The Commonwealth Fund is publicizing a new analysis that predicts health savings accounts will make health insurance available to only about 1 million of the 45 million Americans who are uninsured.[@@]
The Commonwealth Fund, New York, is a foundation that has backed earlier studies and analyses that have been critical of the HSA program.
The new analysis, developed by Sherry Gilead of Columbia University and Dahlia Remler of Baruch College, suggests that HSA tax incentives will have little effect on national uninsured rates, in part because about half of the uninsured owe no federal income taxes and joining an HSA program would provide a tax break of less than about $120 for most uninsured Americans with moderately high incomes.
If large numbers of employers who would be continuing to offer health benefits anyway shift to HSA programs, that could hurt low-income and moderate-income workers by increasing their out-of-pocket expenses without doing much to cut their taxes, the researchers predict.
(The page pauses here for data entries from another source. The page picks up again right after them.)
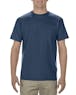 Alstyle AL1701 Adult 5.5 oz., 100% Soft Spun Cotton T-Shirt - Ninja Transfers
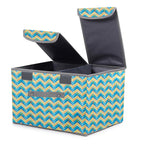 Organise Me - Double Flap Storage Box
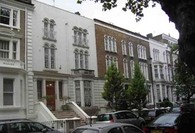 Campden Hill Road Residences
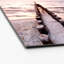 Slim Base To Sea - No Frame Print on Glass-18294635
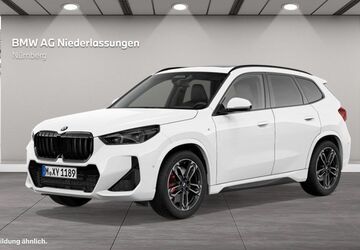 BMW X1 24.428 km 47.495 &euro; Nürnberg 90441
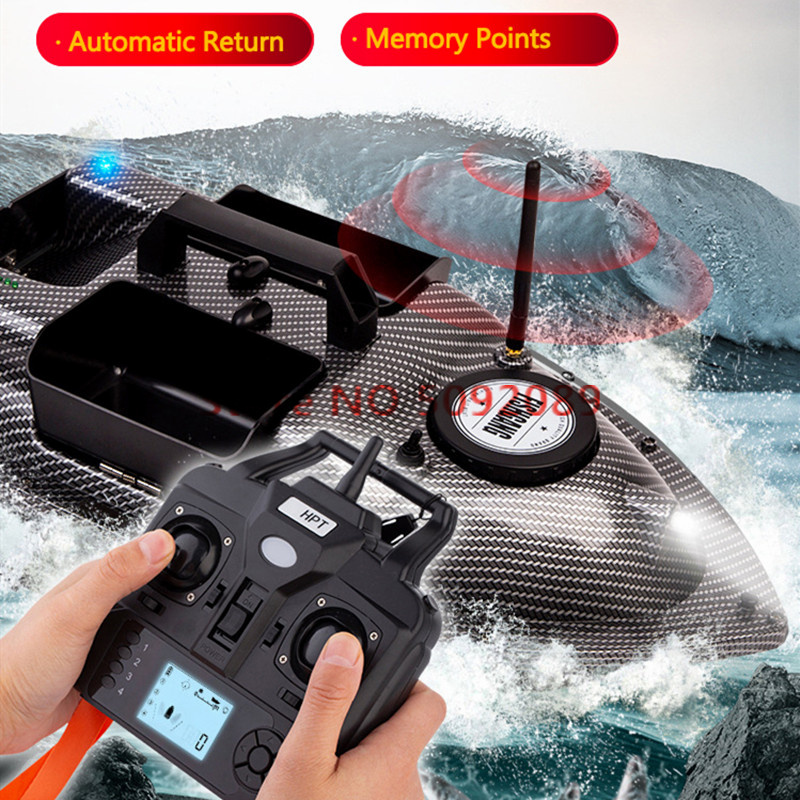 16 Punt Gps Dubbele Positie Cr - Fish Finder Gps recensie en prijs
But America's Health Insurance Plans, Washington, has collected early survey data suggesting that early sales of HSA programs have been strong and that about 30% of the purchasers have been people who previously were uninsured, according to AHIP spokesman Larry Akey.
"The market is very young," Akey says. "Nobody knows whether these trends will continue."
Akey says AHIP believes the early HSA survey results are "very encouraging."